Aloha! Ok, we’re about a month past midyear 2012 but it still works as it can take a while for those troublesome stats to kick in. What a first half of the year it’s been for housing and real estate in Hawaii. Let’s look at some key points:
- Inventory is tightening up just about everywhere and prices have creeped up. Homeowners are in many instances holding on to properties whereas before they may have considered selling. Is this a sign that the housing bottom is behind us? Perhaps….
- ….but others still clamor that the banks are holding back about 90% of their foreclosed inventory and we’re about to get whacked back down again, maybe sooner than we thought. Do you agree?
- I can tell you from my own experience running my real estate investment company that many homeowners today are also choosing to turn properties into rentals to either cash flow or at least break even and wait out an expected price appreciation to sell down later on the road for more gain.
- The controversial Oahu rail project continues on, despite calls for its removal both in and out of the mayoral race.
- Speaking of the Honolulu race for the mayor, who do you think is the best candidate for Hawaii’s homeowners? Cayetano? Carlisle? Caldwell? (Apparently your last name needs to start with a “C” to be mayor…)
- The banks continue to foreclosure through the courts (judicial) and Hawaii homeowners who were in mortgage default for a year or even longer (yes, it’s happened all around us) are finding out that the time has come to decide how best to move on
It’s my opinion that the temporary tightening of inventory in Hawaii is just that — temporary.

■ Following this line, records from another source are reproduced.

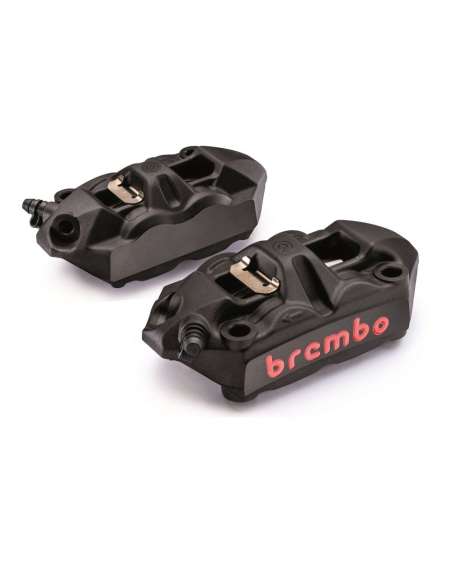 Paire d'étrier de freins M4 radiaux BREMBO anodisés noirs Monoblocs - Entraxe 108mm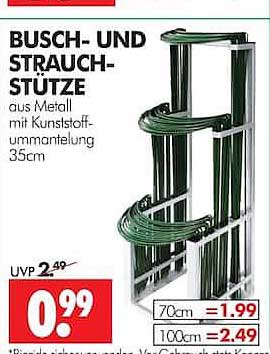 BUSCH- UND STRAUCHSTÜTZE aus Metall mit Kunststoff-umantelung 35cm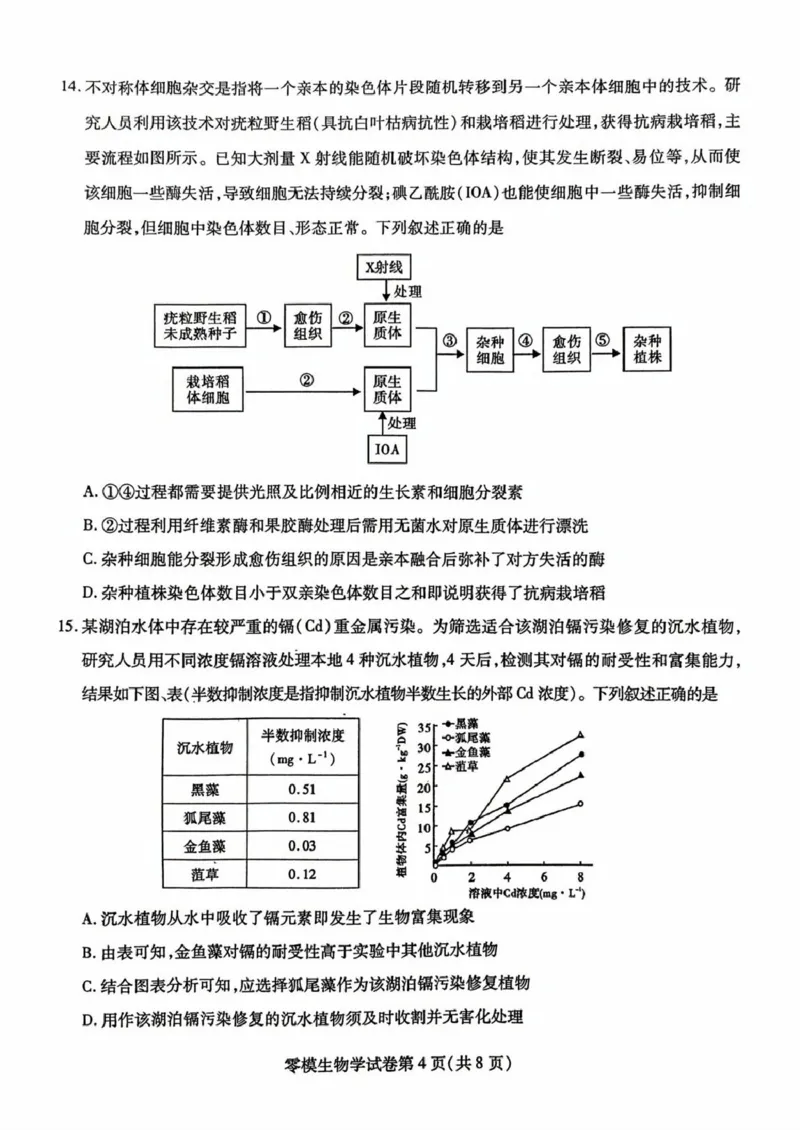 四川省内江市2026届高三上学期学期零模（高二下学期期末）生物试卷（含答案）_2025年7月_250711四川省内江市2026届高三上学期学期零模（高二下学期期末）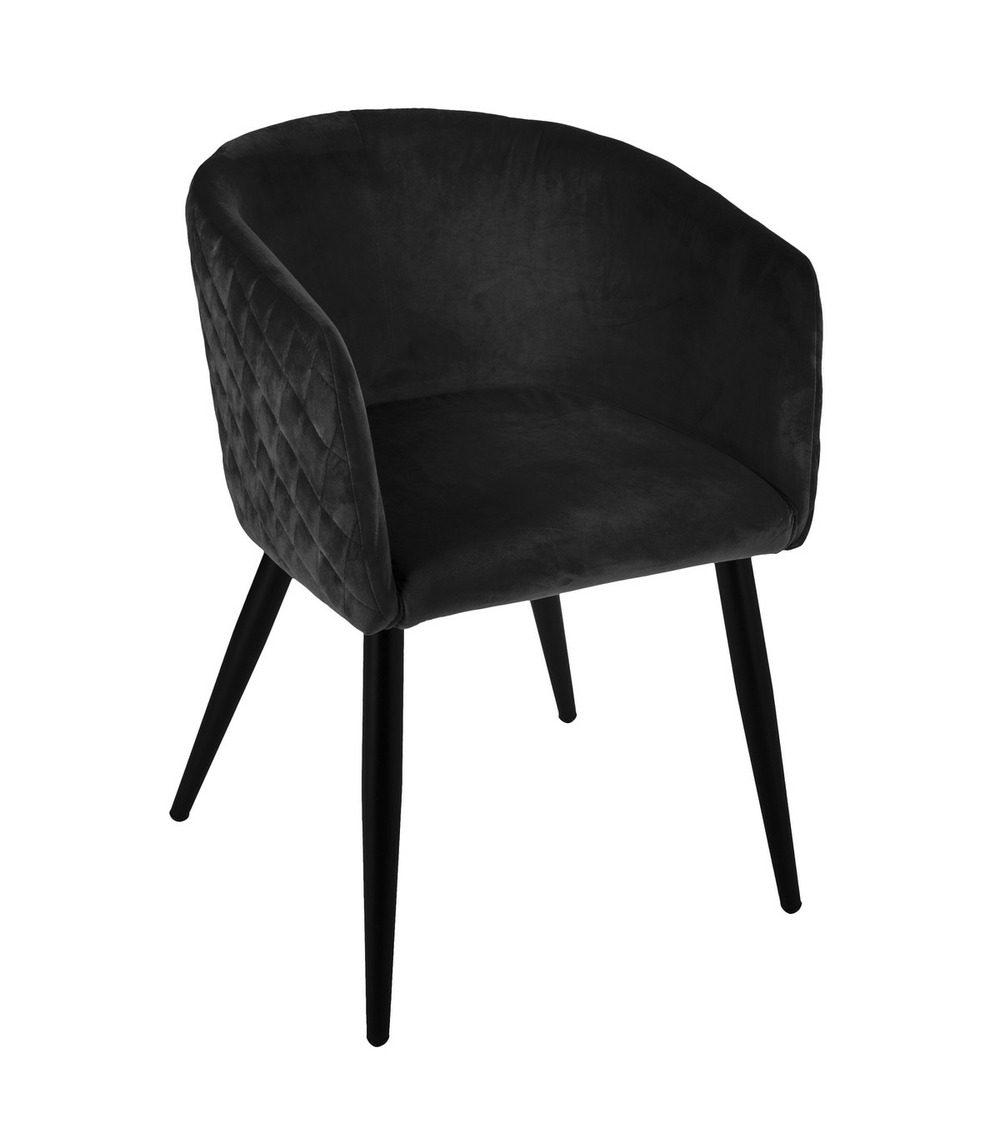 Chaise fauteuil de table en velours noir et pieds en métal noir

Sure, the banks can’t open up the faucet on wide of their shadow inventory and flood the market — we all know that will depress the local housing market to levels possibly even lower than they were a few years ago. But they have to figure something out and that REO pipeline will stay open for, as some estimators predictor, 3 to 5 years.
But here’s thing — it’s still very much tied to JOBS. And while Hawaii’s unemployment rate is very favorable compared to those of our mainland cousins (thanks to encouraging recent tourist numbers), we’re still connected to the national system and all its wonderful nuances.
Let’s look at some interesting stats courtesy of RealtyTrac…
As this bar chart surely shows, the key point of interest is the steady decline in properties in Preforeclosure. In case you’re not familiar with the term, “Preforeclosure” generally means homeowners who are in default but have yet to be officially foreclosed upon. In other words, they are still the homeowners on title.
To the point, I have a hard time believing that the numbers of homeowners in default went from just under 500 in January to under 100 in June — as is many times the case, stats can be deceiving and not tell the whole story. I suppose there could be a logical reason for this, some mix of increased refinancing and/or successful loan modifications (the latter unlikely). Anyone care to shed some light?
In this chart we can see, unsurprisingly, that the vast majority of homes either headed for foreclosure or already past that point fall in the 300-400K category. Unfortunately, these numbers include all housing types (SFH, townhouse, condo) so making a clear inference is a bit difficult, but it would appear that most homeowners in Hawaii needing help are in the lower end of the price spectrum when compared across the state. However, interestingly enough, the high end luxury homes are represented as well — I guess some people bit off more than they could chew in the good times!
By the way — completely unrelated — but is anyone else enjoying this year’s flowers as much as me and my girlfriend??